Exercise aim
Starting at the line that contains "Cocoa top and cardigan", transcribe each line through the end of the material below, exactly and nothing else, leaving out the pictures.

Data excerpt

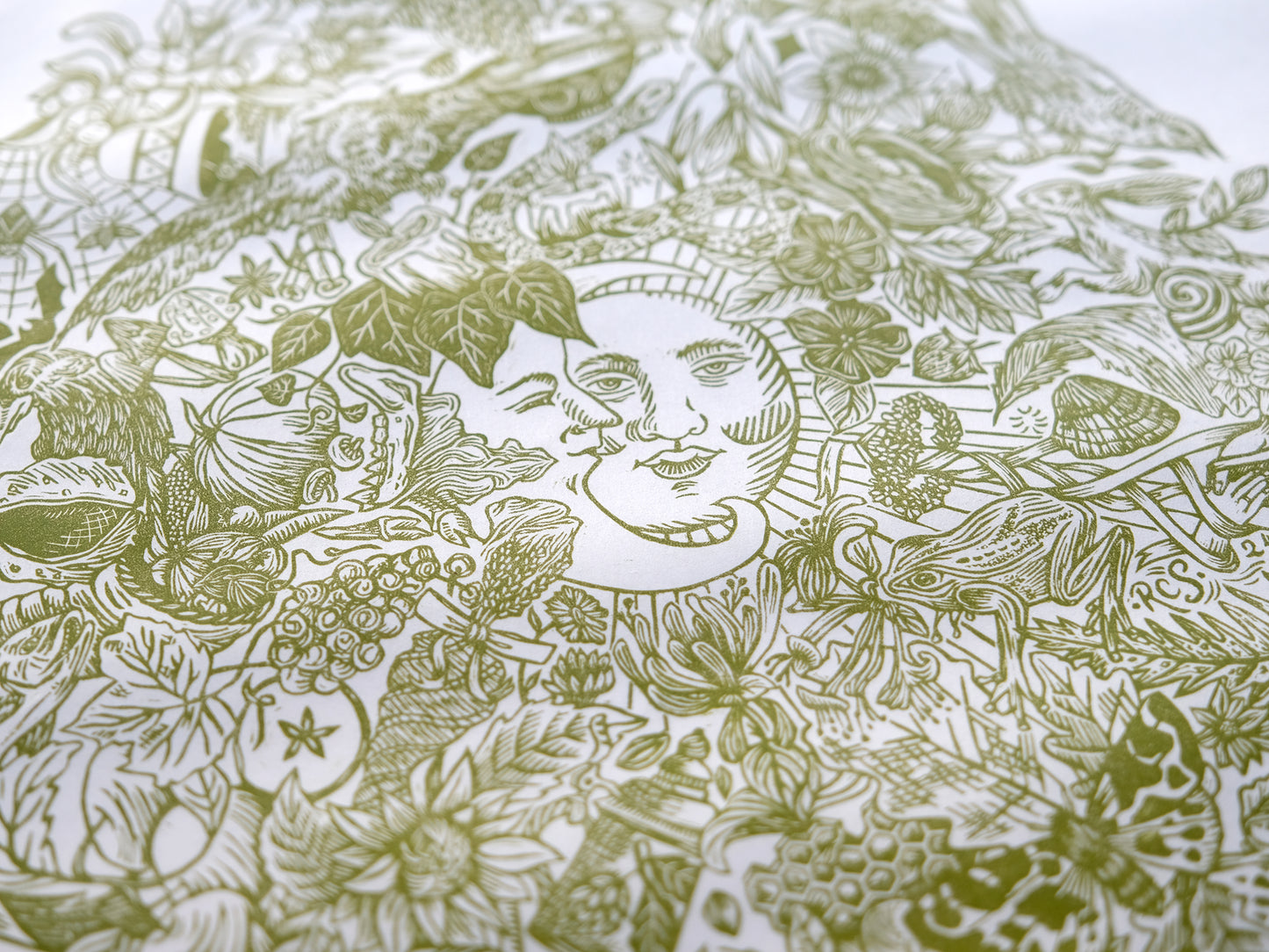 The Wheel Of The Year - Moss Green - Pagan and Nature Lino Print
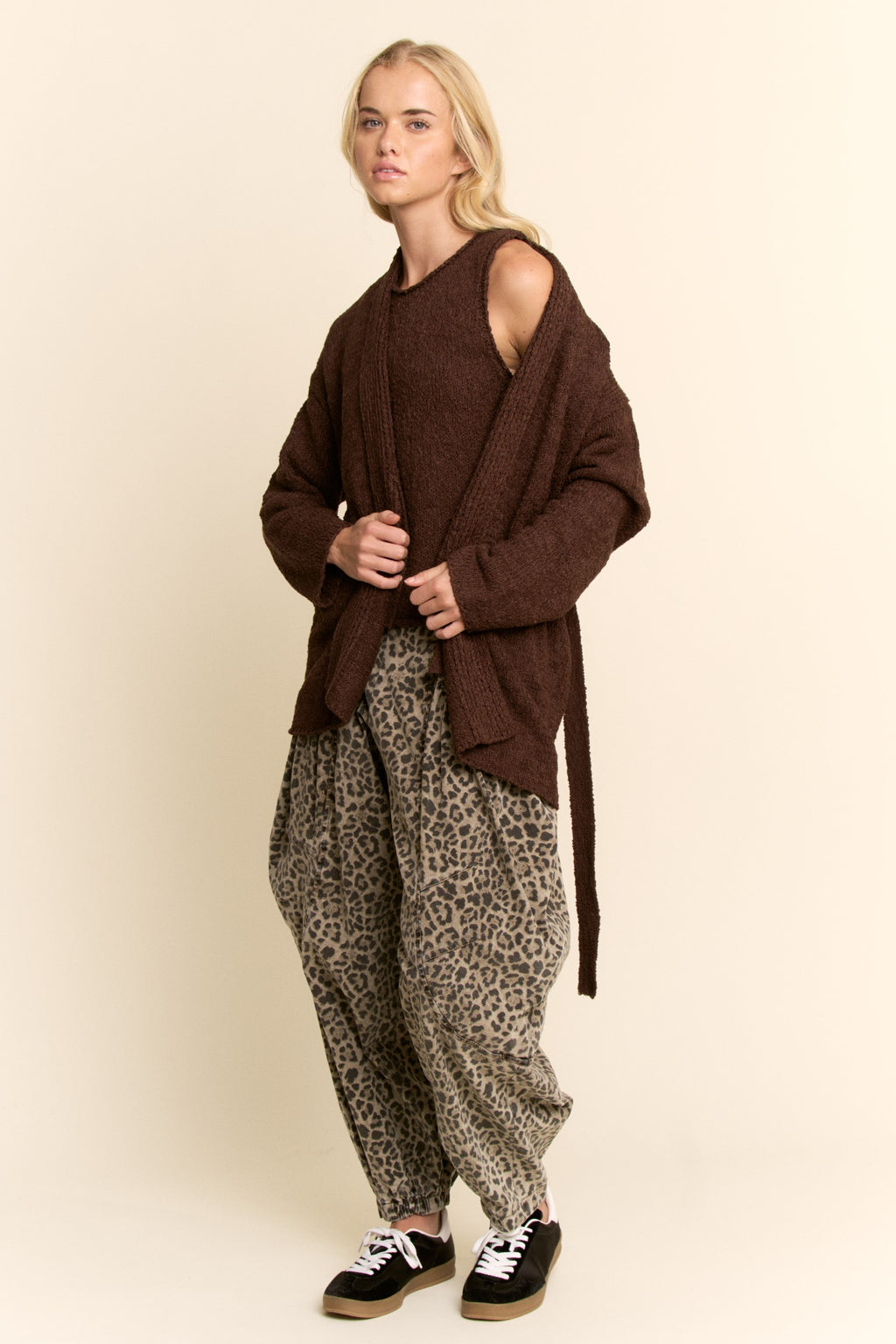 Cocoa top and cardigan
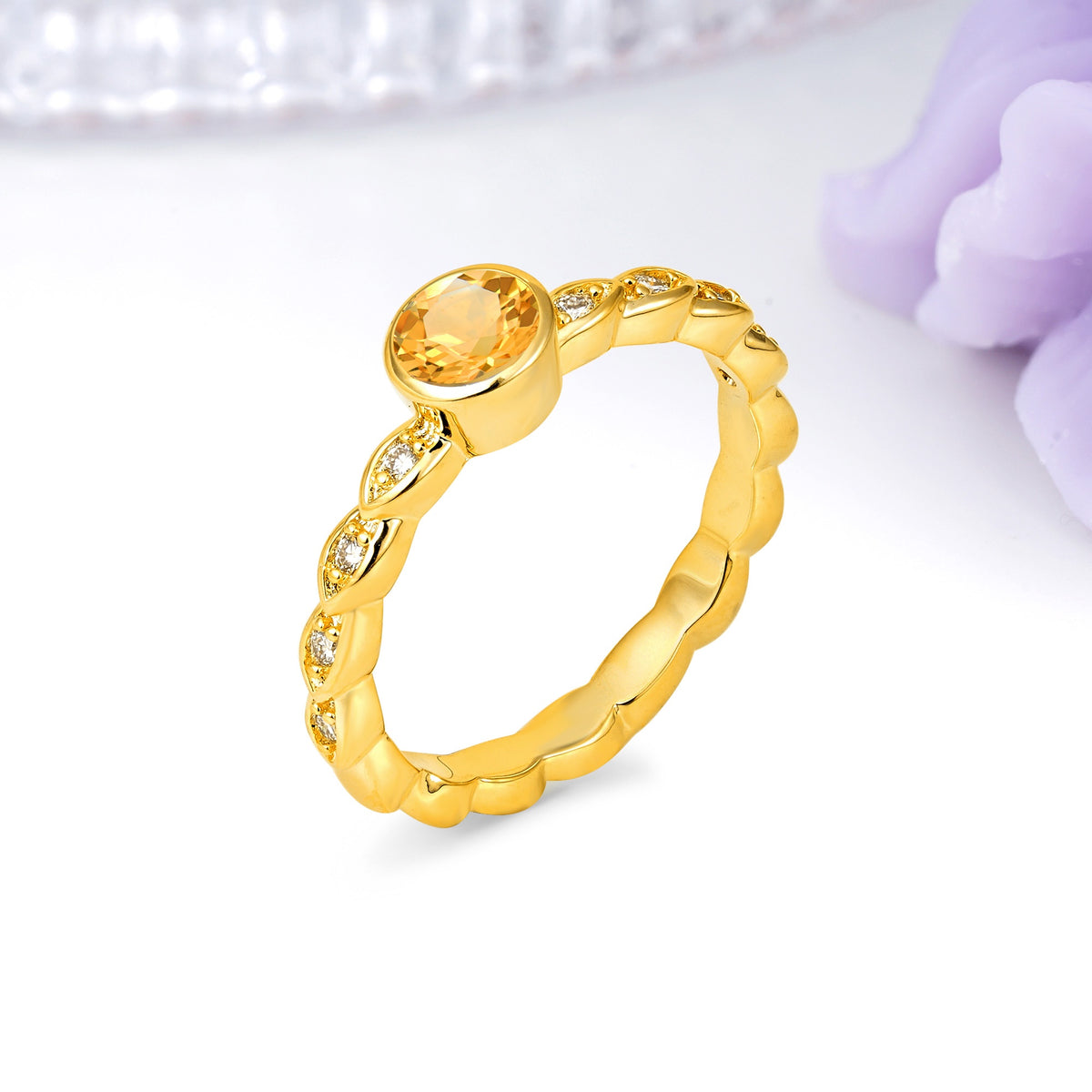 Classic & Minimalist Flush-Set Round-Cut Citrine Engagement Ring - Additional view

Result below
 Cocoa top and cardigan
 Classic & Minimalist Flush-Set Round-Cut Citrine Engagement Ring - Additional view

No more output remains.